In a series known for its tight qualifying margins, Scott McLaughlin blew away the field Saturday to win the NTT P1 Award for the Big Machine Music City Grand Prix on the streets of Nashville.
McLaughlin, from New Zealand, earned his second consecutive pole for this event with a top lap of 1 minute, 14.6099 seconds in the No. 3 DEX Imaging Team Penske Chevrolet. It was his fourth career NTT INDYCAR SERIES pole and first this season.
SEE: Qualifying Results
Even more impressive was McLaughlin’s margin of .3296 of a second over No. 2 qualifier Pato O’Ward, whose best lap in the Firestone Fast Six was 1:14.9395. That’s the second-biggest gap between first and second in qualifying so far in 13 races this season, topped only by Romain Grosjean’s edge of .4155 of a second in the season-opening race at St. Petersburg.
“We did a big lap in Q1 that really set us up,” McLaughlin said. “Every time we’re in this printer wagon, this DEX Imaging Chevy, she’s a ripper. Really proud of that one.”
Live coverage of the 80-lap race starts at noon ET Sunday on NBC, Peacock and the INDYCAR Radio Network. The winners of the first two editions of this race, Marcus Ericsson in 2021 and Scott Dixon in 2022, started 18th and 14th, respectively, so starting up front isn’t essential to contend for victory in an event known for its unpredictability. Still, McLaughlin knows he’s in a good spot to avoid any chaos in the midfield or back at the start or on restarts.
“Who knows at this place?” McLaughlin said. “It’s scary how yellows can happen out of the blue, and strategy can be thrown everywhere. But we start in the No. 1 spot, and that’s the main thing. To put in pole two years in a row is unreal.”
Qualifying took place in dry conditions and under sunny skies and thick humidity after morning and afternoon rain created course conditions that forced a delay of nearly four hours to the start of the session and the cancellation of final practice.

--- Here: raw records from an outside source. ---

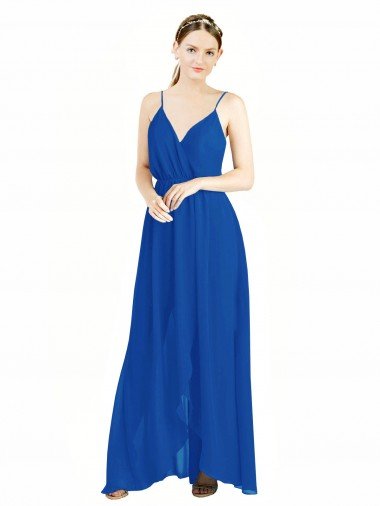 Outlet Sleeveless Surplice Chiffon Bridesmaid Dress with Spaghetti Straps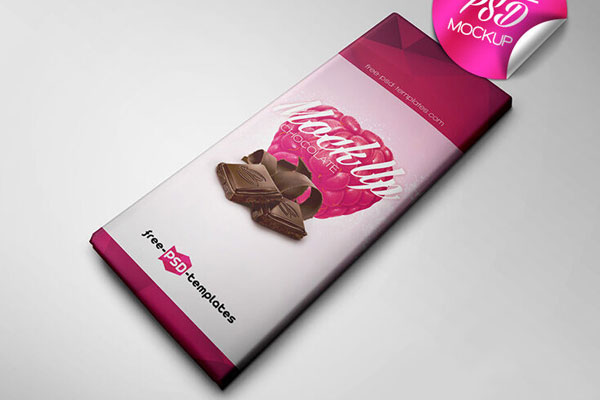 Perspective View Chocolate Bar Package on Floor Mockup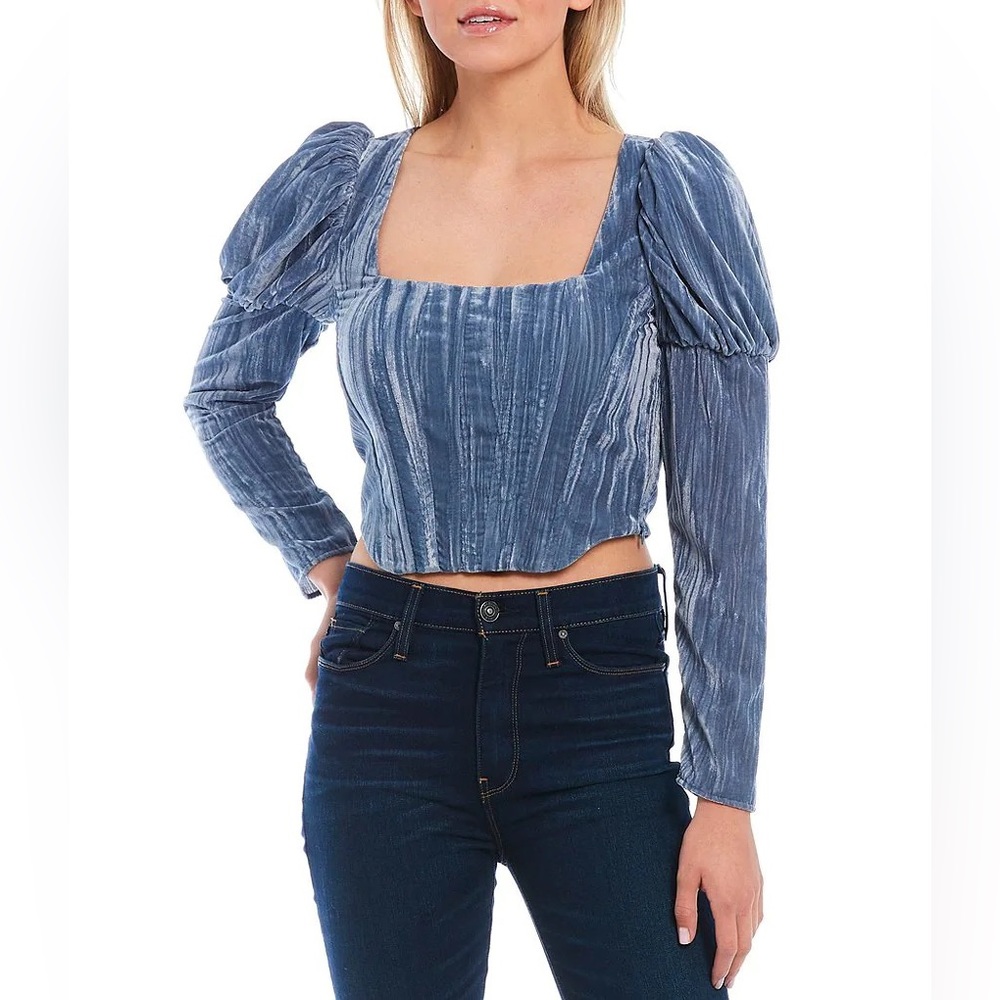 WAYF Square Neck Long Juliet Sleeve Velvet Bustier Top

McLaughlin and O’Ward were the only two drivers to break the 1:15 barrier during the last of the three rounds of qualifying on the 11-turn, 2.1-mile temporary circuit that includes two crossings of the Korean War Veterans Memorial Bridge per lap.
Colton Herta qualified third at 1:15.2416 in the No. 26 Gainbridge Honda fielded by Andretti Autosport with Curb-Agajanian, with championship leader Alex Palou fourth at 1:15.2462 in the No. 10 The American Legion Honda of Chip Ganassi Racing.

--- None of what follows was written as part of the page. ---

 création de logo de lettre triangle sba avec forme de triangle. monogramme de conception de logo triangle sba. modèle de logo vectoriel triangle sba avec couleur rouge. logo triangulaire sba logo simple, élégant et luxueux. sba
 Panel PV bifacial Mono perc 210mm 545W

David Malukas will start fifth after a lap of 1:15.8703 in the No. 18 HMD Trucking Honda of Dale Coyne Racing with HMD, tying his best career qualifying performance on a street circuit set in July 2022 at Toronto. Grosjean rounded out the Firestone Fast Six at 1:15.9921 in the No. 28 DHL Honda, as Andretti Autosport was the only team to put two drivers into the first three rows of the grid.
Three drivers in the top five of the standings – Josef Newgarden, Dixon and Ericsson – didn’t advance into the Firestone Fast Six and will start outside of the first three rows Sunday.
Newgarden will start ninth after his best lap of 1:15.4862 in the No. 2 PPG Team Penske Chevrolet during the Fast 12. Six-time series champion Dixon made a rare mistake and clipped the inside wall in Turn 11 with 30 seconds left in the Fast 12, hurtling his No. 9 PNC Bank Chip Ganassi Racing Honda across the track into the outside retaining wall. Dixon was unhurt, but the front and front right of his car suffered heavy damage. He will start 12th.
Ericsson was quickest in wet conditions during practice Saturday, but his dry-weather pace wasn’t enough to advance from the first round of qualifying. Ericsson will start 20th after his best lap of 1:16.0420 in the No. 8 Huski Ice Spritz Honda fielded by Chip Ganassi Racing.
Rookie Linus Lundqvist continued to enjoy a magic carpet ride during his first NTT INDYCAR SERIES race weekend, as he qualified 11th and was the quickest rookie in the field at 1:16.0715 in the No. 60 AutoNation/SiriusXM Honda. It was the second-best qualifying performance of the season for Meyer Shank Racing on a temporary street circuit, bettered only by the eighth-place starting spot by Simon Pagenaud in June at Detroit. Lundqvist is substituting this weekend for Pagenaud, still recovering from a violent flip July 1 at Mid-Ohio Sports Car Course.